__EXERCISE__: Set down, word for word, each line from the top of the data through the line that has "The trash bags"; omit every picture.

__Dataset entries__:
=== Section Start ===

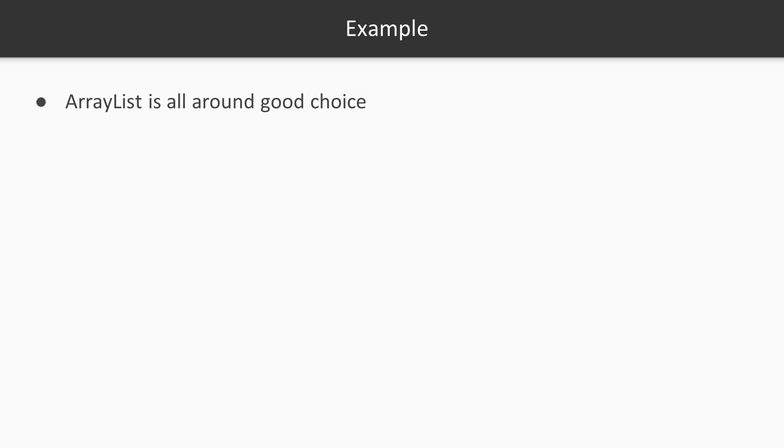How do you choose the collection that you would like to use in a specific case? Let's start with a few guidelines. ArrayList is an all-around good choice. If you're not sure what you need to use, just use ArrayList and it's going to be good.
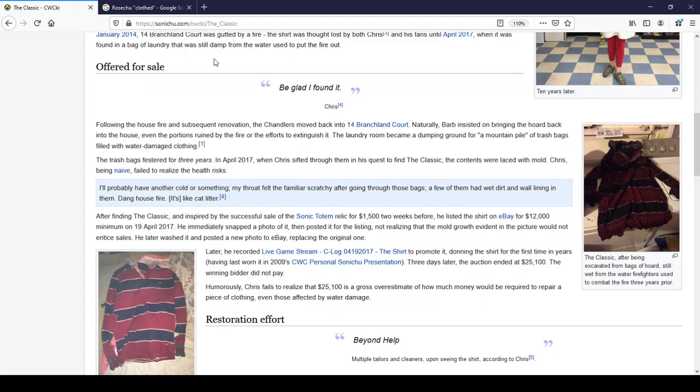The trash bags festered for three years? Chris, no. Barb, no. In April 2017, when Chris sifted through them in his quest to find the classic, the contents were laced with mold. Yeah, three years. It's going to be laced with mold.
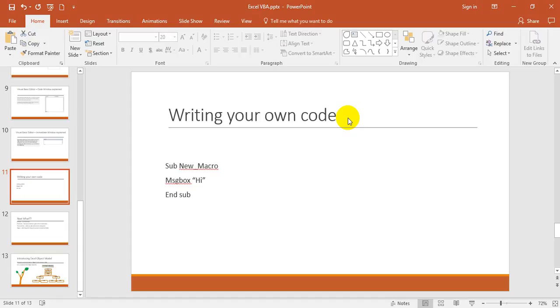Hi friends, in the last video we understood how to write a macro and how to insert a module. We visited VB (Visual Basic) editor and understood various windows available there and tested the module. Now we have created the macro, run it, and the result is fine.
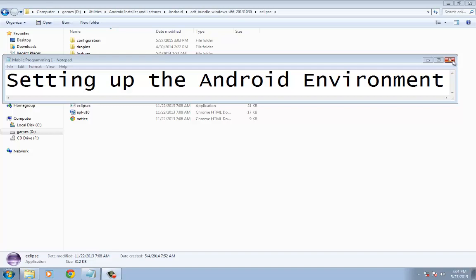This is the video tutorial for Module 3 of the Mobile Programming 1 course: Setting up the Android Environment.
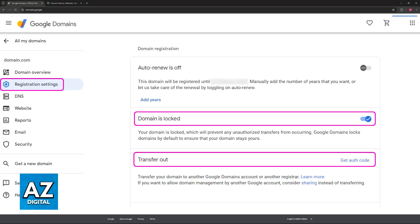Once you unlock the domain, you will be able to initiate the transfer process after you acquire the authorization code. To get the authorization code, if you look below it, you will find the option to transfer the domain outside of Google. So choose the option to transfer out and follow the instructions on screen.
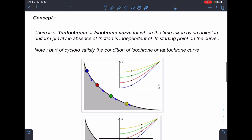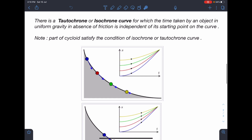Concept-wise, there is a tautochrone or isochrone curve, for which the time taken by an object in uniform gravity in the absence of friction is independent of its starting point on the curve. A part of the cycloid satisfies the condition of an isochrone or tautochrone curve, so the equation of the tautochrone can be taken as a cycloid.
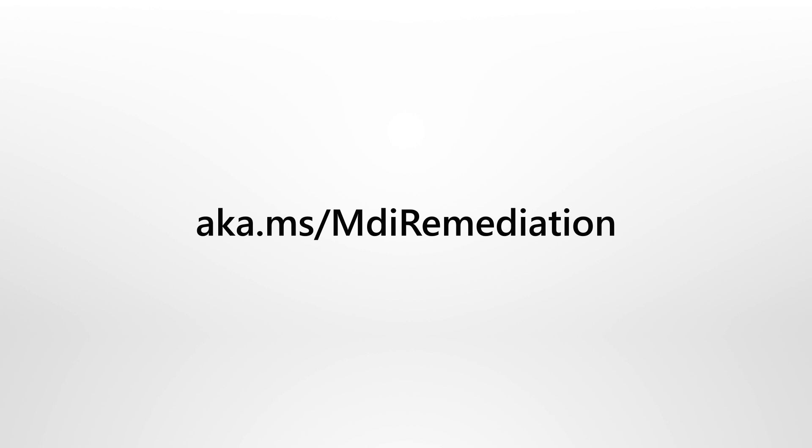With Defender for Identity, act once to remediate a user account in both Azure AD and Active Directory. To learn more about hybrid remediation in Defender for Identity, see our documentation on Microsoft Docs.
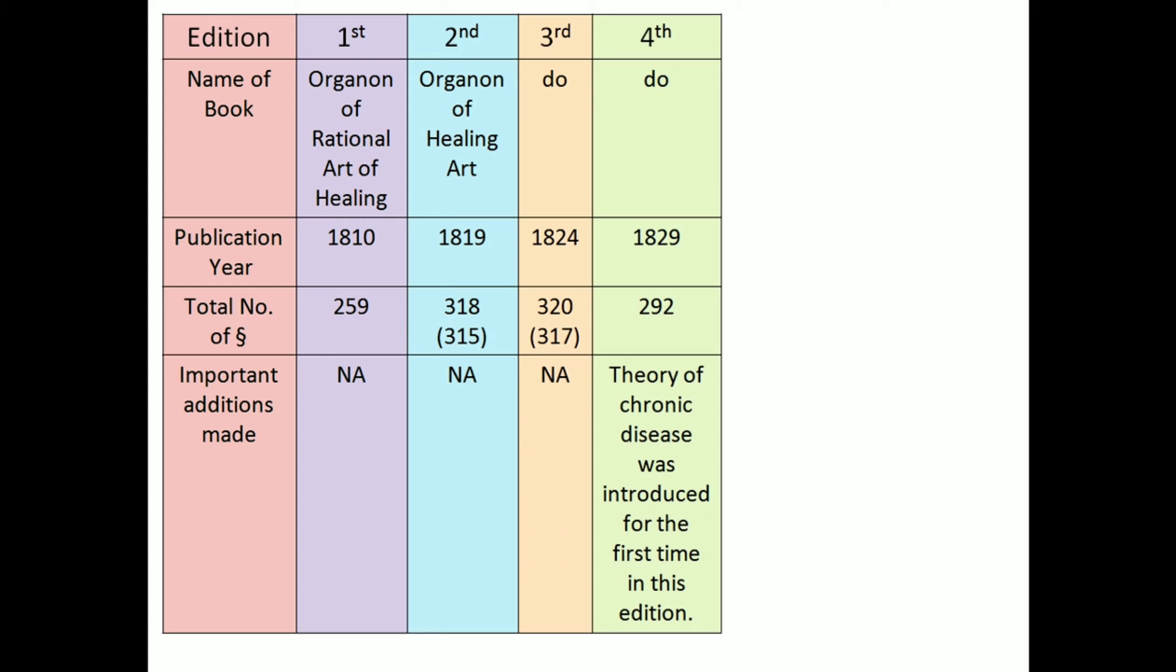Chronic miasms, also added in this edition. Given in some reference books.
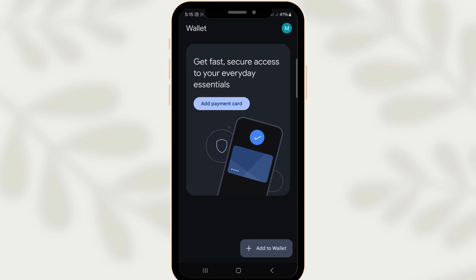By logging in with the correct credentials, you allow Google Wallet to automatically sync your account information across both devices. This means your entire payment history, saved credit or debit cards, loyalty memberships and any other wallet features will instantly be available to you.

=== Section End ===

__TASK ANSWER__:
How do you choose the collection that you would like to use in a specific case? Let's start with a few guidelines. ArrayList is an all-around good choice. If you're not sure what you need to use, just use ArrayList and it's going to be good.
The trash bags festered for three years? Chris, no. Barb, no. In April 2017, when Chris sifted through them in his quest to find the classic, the contents were laced with mold. Yeah, three years. It's going to be laced with mold.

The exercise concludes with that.